NFL teams, however, have much more at stake. If they are going to invest in a player who has warning flags all over the yard, they will feel the full penalties of getting it wrong which include the most important debit - losing a major premium chip to improve their team. Lost money and public humiliation also are there, but the big part is that they had a top pick and then they blew it by investing improperly. So, when preparing for the draft, I can watch all the games I want, but there are players where your personal interaction with them as well as a thorough investigation into what type of human you are dealing with would be mandatory when you evaluate whether you take this player high, low, or not at all. There are many teams that will not even have a player like Dorial Green-Beckham on their board at any price.
That said, there are others who will see this as a real opportunity. Green-Beckham was the #1 recruit in the nation in 2012 when he selected Missouri. He is a giant man who has both absurd size and speed at the wide receiver position. He also has no fewer than 3 scrapes with the law since arriving at college, including drugs and a domestic violence situation that resulted in Missouri dismissing the player who then transferred to Oklahoma and would never actually play a down for the Sooners before declaring for the draft. So, oddly, we only have 2013 footage to use back at Missouri and their games against Auburn, Kentucky, Texas A&M and Ole Miss.
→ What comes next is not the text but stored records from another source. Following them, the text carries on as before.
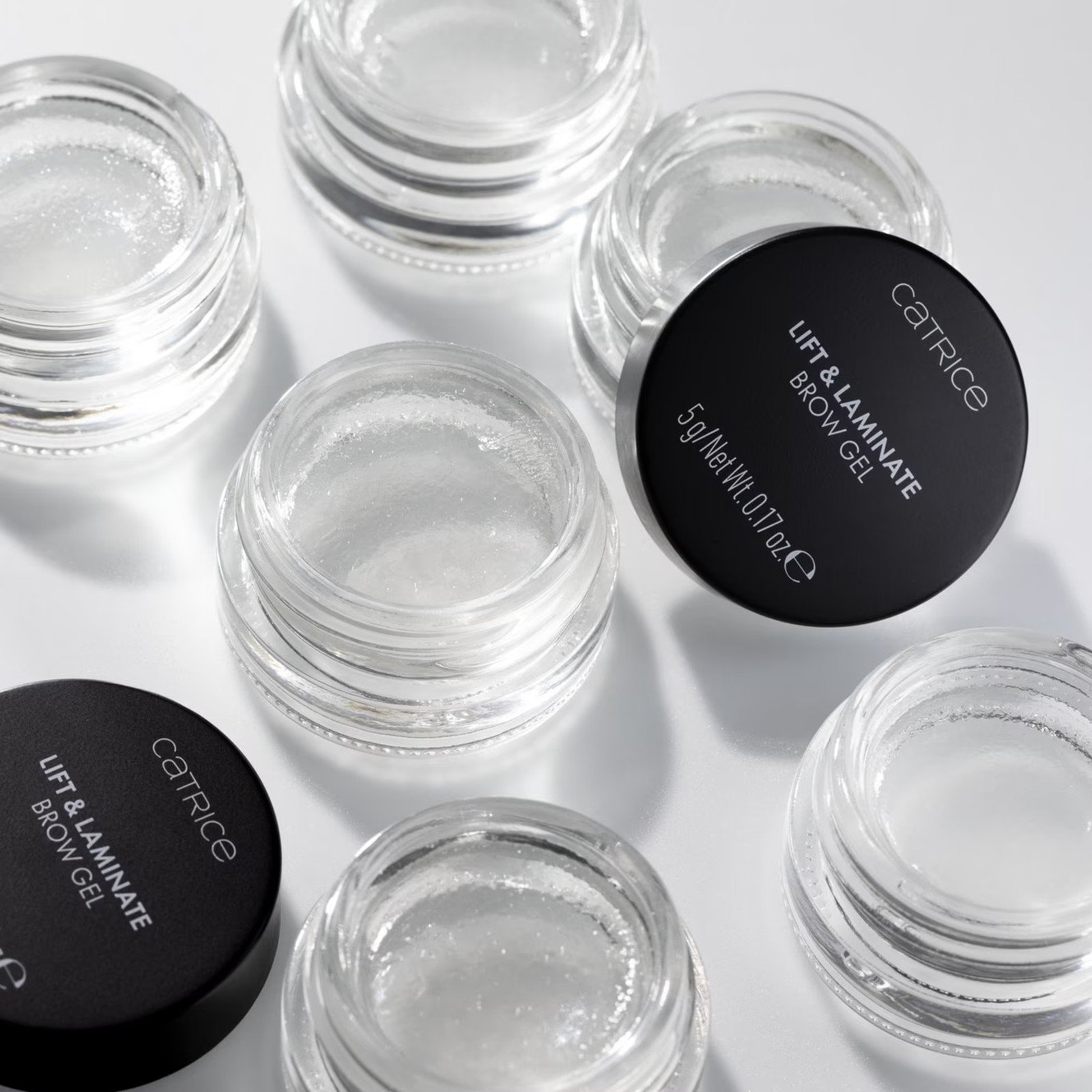 Catrice Lift & Laminate Brow Gel 010 Transparent 5g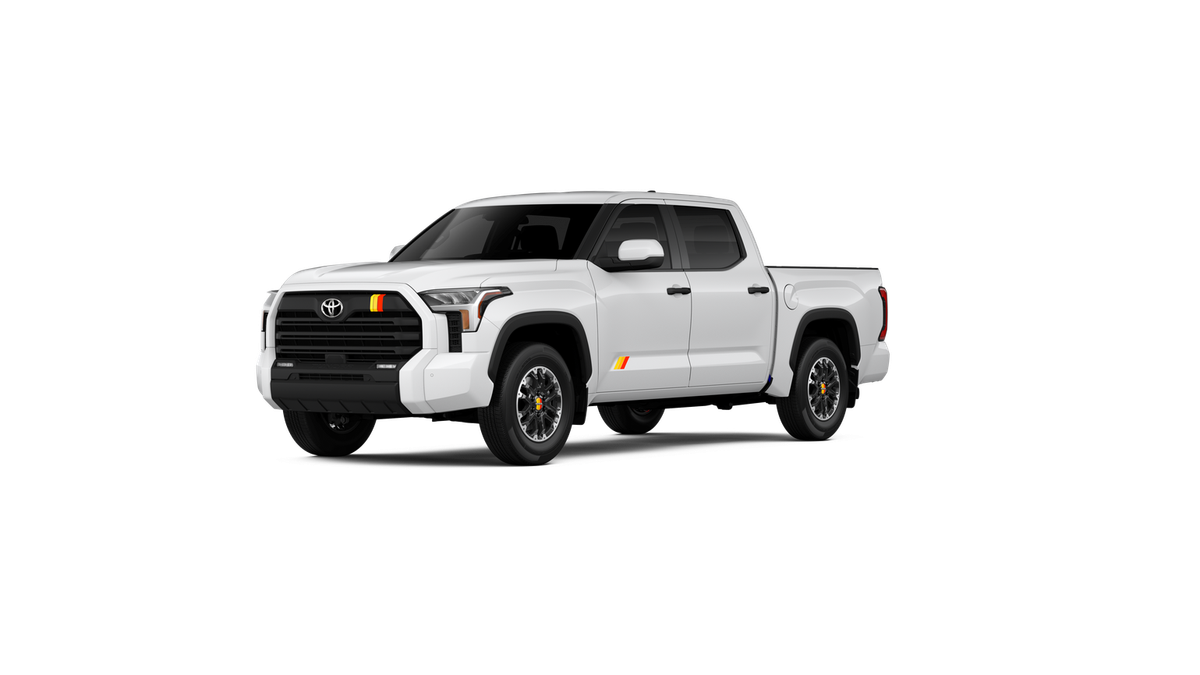 2026 Toyota Tundra Limited 4WD CrewMax 5.5' Bed's photo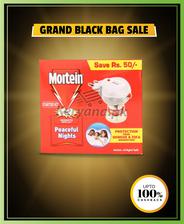 Mortein LED Machine with Refill 2 In 1 25 ML 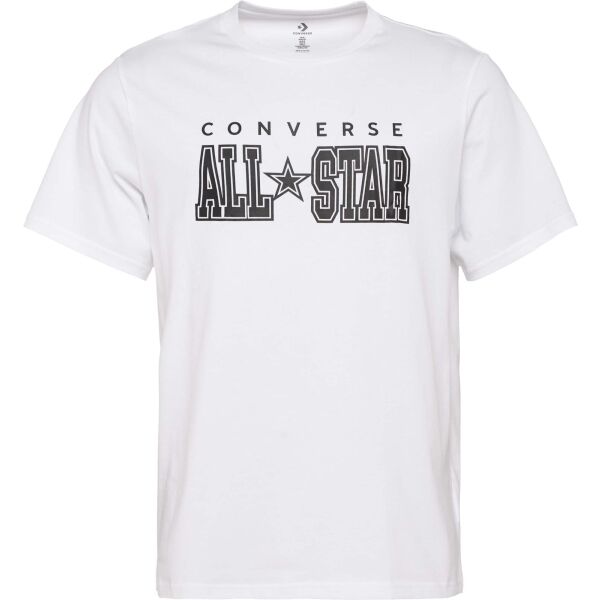 Converse ARCH ALL STAR TEE Pánské tričko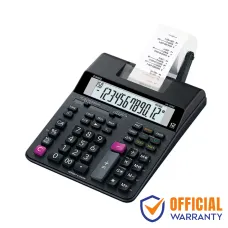 Casio HR-150RC Printing Calculator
Green-Beckham wears #15 for The Tigers:
What I liked: If you want to roll precisely on the positive, just have a look at some of these videos. He is too big and too fast to cover with one guy. It cannot be done. So, Missouri would routinely tease the safety away and then just throw it up and allow him to go get it - which he would regularly do even as a true freshman and sophomore. He is so big that he is one of those players that is like 7-11 (always open). He is impressive in the open field with the short flare-out passes which demonstrates his strides that make up huge amounts of real-estate in a short amount of time. If you squint, you can see Terrell Owens or perhaps even the other types of huge and fast draftees over the year like Calvin Johnson or Randy Moss. The fact is, you can't teach 6'5. 240, with 4.4 speed who can take the top off any coverage.
What I did not like: Aside from the off the field red flags - which are substantial - he requires an awful lot of polish in his game. He runs very few routes and doesn't play with the power you would like to see for a man in a tight-ends body. There is no point in having great strength if you cannot translate it to functional football strength and a man his size should never get beat on a slant or appear to bail out from contact. He also does not display consistent catch technique and has some lapses that leads to some frustrating drops. The upside is very, very high. However, it would be foolish to suggest there is no downside for potentially unrealized talent. He also did not test overly well in many of the combine tests besides the 40 yard dash.
Summary: Seldom does someone come along that could be the best receiver of a class on one hand, yet perhaps available on Day 2 of the draft on the other hand. If you are willing to take a chance on a player like this, it could represent value of the highest order. However, there are plenty that would not place him on their board at any level. But, again, at some time you have to look carefully at the highlights and see his unlimited potential and ponder what could happen if Green-Beckham gets his act together and the proper coaching and fire in his belly. Without knowing what the interview process and investigation turns up, it is impossible to know where he ranks in the NFL war-rooms, but when you talk about upside and amazing potential, Green-Beckham is quite an interesting study. In 5 years, he is possibly the type of guy to make teams wonder why they passed on him so many times. But, that is the draft game at its best.